Page MenuHomePhabricator

[Regression] MediaWiki should detect absent or outdated vendor
Closed, ResolvedPublic

Description

Right now doing git-pull gives me an blank HTTP 500 response with no information at all.

This is useless and unacceptable. Before the upcoming release, there must be a detection of sorts. Similar to what we do when PHP version isn't supported or when there are no skins installed, etc.

Going into the Apache error log gives me:

PHP Fatal error:  Class 'Psr\\Log\\AbstractLogger' not found in mediawiki/core/includes/debug/logger/legacy/Logger.php on line 40
PHP Stack trace:
PHP   1. {main}() mediawiki/core/index.php:0

Which isn't useful either.


See Also:
https://bugzilla.wikimedia.org/show_bug.cgi?id=72700

Details

Reference
bz72777

Event Timeline

bzimport raised the priority of this task from to Normal.
bzimport set Reference to bz72777.
Krinkle created this task.Oct 30 2014, 7:45 PM
Reedy added a comment.Oct 30 2014, 7:46 PM

(In reply to Krinkle from comment #0)

Right now doing git-pull gives me an blank HTTP 500 response with no
information at all.

git pull where of what repo?

The place where we do the php version check is before the autoloader, so that won't work to fix the problem. Maybe we can put a check in the includes/debug/logger/legacy/Logger.php file itself that is outside of the class. That way when our autoloader first requires the file we could check to see if the PSR-3 classes are loaded/loadable or not. I'm not exactly sure how to trigger a better global warning however. I think about the best we could do is make an error_log() call that gives a more explanatory message.

gerritadmin wrote:

Change 170274 had a related patch set uploaded by BryanDavis:
Throw exception when \Psr\Log\LoggerInterface is unavailable

https://gerrit.wikimedia.org/r/170274

Reedy added a comment.Nov 4 2014, 1:28 AM
  • Bug 72932 has been marked as a duplicate of this bug. ***

I ran into the same problem. This should definitely generate some kind of meaningful error message. Also someone should update the documentation on mediawiki.org to explain that Composer is now required:
https://www.mediawiki.org/wiki/Download_from_Git#Prerequisites
I'll take a shot at it myself, but I can't guarantee it will be accurate.

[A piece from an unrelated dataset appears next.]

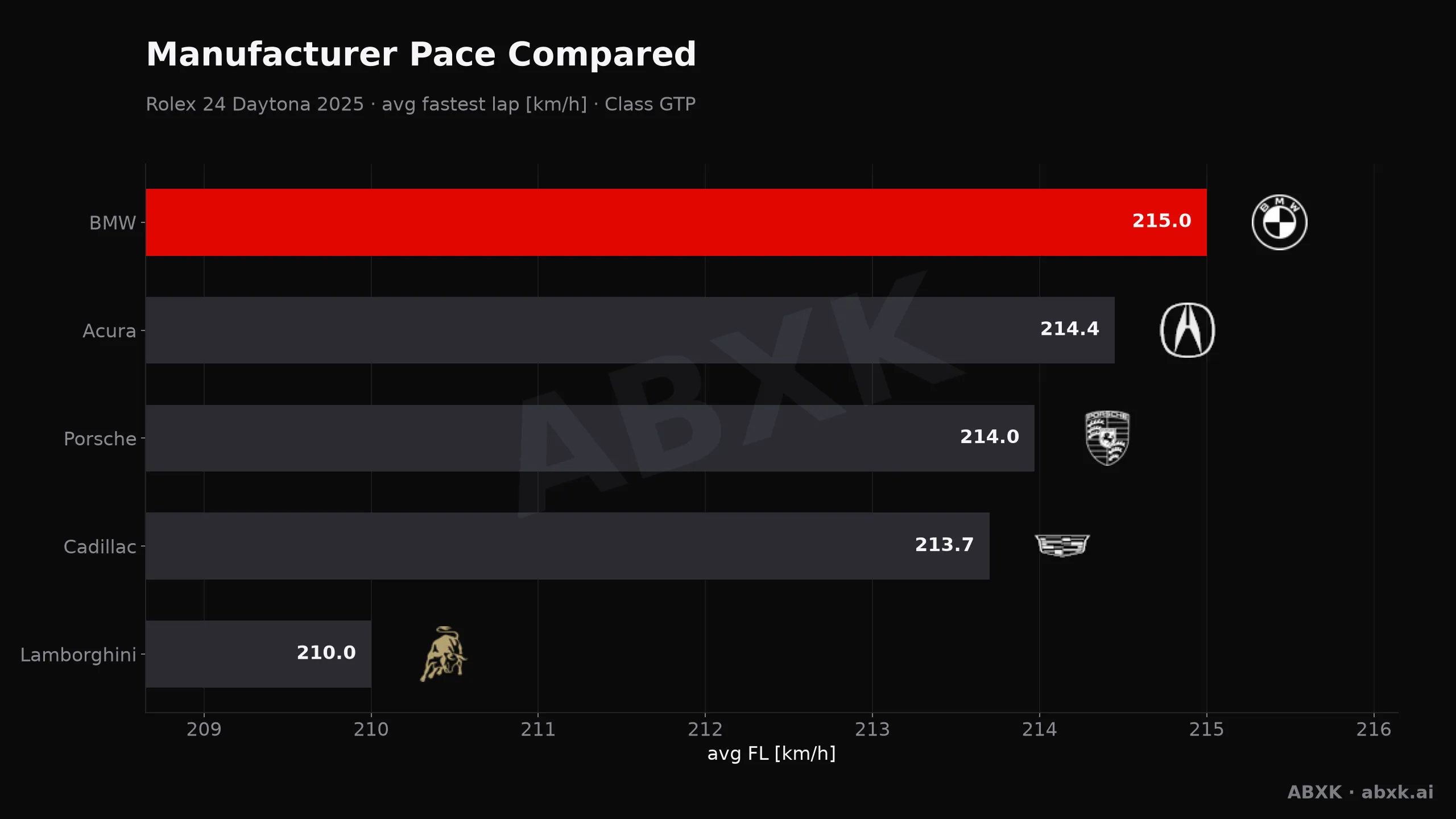 Rolex 24 Daytona 2025 — Manufacturer pace compared: average fastest lap speed per manufacturer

(In reply to Ryan Kaldari from comment #5)

I ran into the same problem. This should definitely generate some kind of
meaningful error message. Also someone should update the documentation on
mediawiki.org to explain that Composer is now required:
https://www.mediawiki.org/wiki/Download_from_Git#Prerequisites
I'll take a shot at it myself, but I can't guarantee it will be accurate.

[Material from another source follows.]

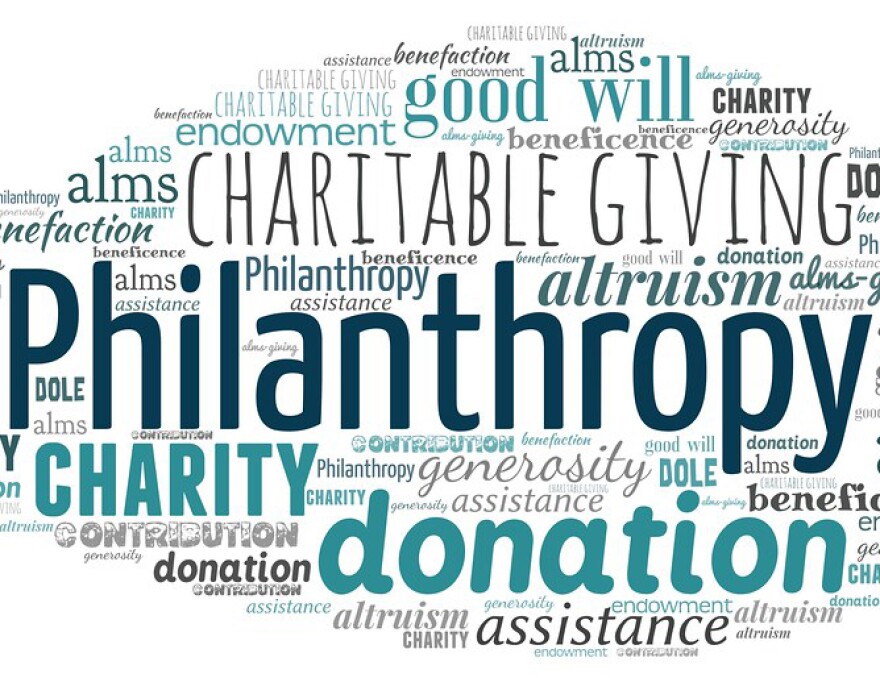 Philanthropy word cloud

It was documented at https://www.mediawiki.org/wiki/Download_from_Git#Fetch_external_libraries, but I've stated in the Prerequisites that composer is recommended, but not required.

Legoktm: It seems to be required to me. If I don't install it, I just get a 500 server error (as Krinkle did).

Reedy added a comment.Nov 4 2014, 1:56 AM

You can just clone https://github.com/wikimedia/mediawiki-vendor instead. you don't have to use composer

Ah, nevermind, I see now. You can install the vendor components manually if you want to. That should be better explained in the prerequisites section.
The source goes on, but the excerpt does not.